Last updated: May 16, 2026

Coast When is designed to keep planning data in your browser by default. This page explains what data the product uses, what may be shared when you create a link, and what to review before publishing a production policy.

What Coast When stores

Planner data you enter, import, or generate is stored locally in your browser on the device you are using. That can include account names, balances, dates, cash flow entries, retirement settings, and related planning inputs.

Coast When also stores small preference data locally, such as chart display settings and other workspace state needed to reopen your plan.

What happens when you share a plan

Shared plans are encoded into the URL you generate. Anyone with that full link can open the shared view, so treat it like a private document link.

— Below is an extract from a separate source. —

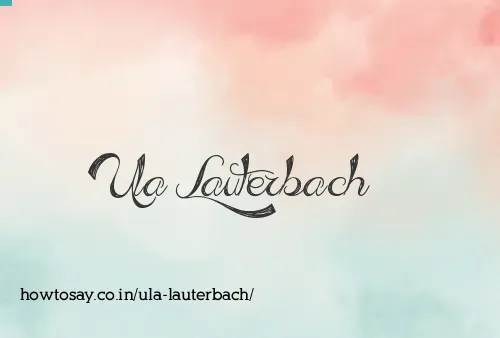 Ula Lauterbach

Privacy controls in the share flow can obfuscate names, round values, and reduce date precision, but they do not make a shared link anonymous or risk free.

Information sent to third parties

The app loads web fonts from Google. Your browser may connect to Google services to retrieve those font files.

If you open, copy, or send a shared link through another service or app, that service may receive the link and any information it contains.

Google Analytics

Coast When uses Google Analytics to understand overall product usage, such as page views, session activity, device type, and general traffic patterns.

Google Analytics may use cookies or similar technologies and may collect information such as your IP address, browser details, and interactions with the site. That information is processed by Google under its own terms and privacy practices. See the Google Privacy Policy and Google's Analytics Privacy Disclosures Policy.

Data retention and control

Because planning data is stored in your browser, you can remove it by clearing Coast When local data from the app settings or by clearing your browser storage for the site.

Shared links remain accessible until the link is no longer used or disclosed. If you have shared a link, the practical way to revoke access is to stop using that link and generate a new one with different data.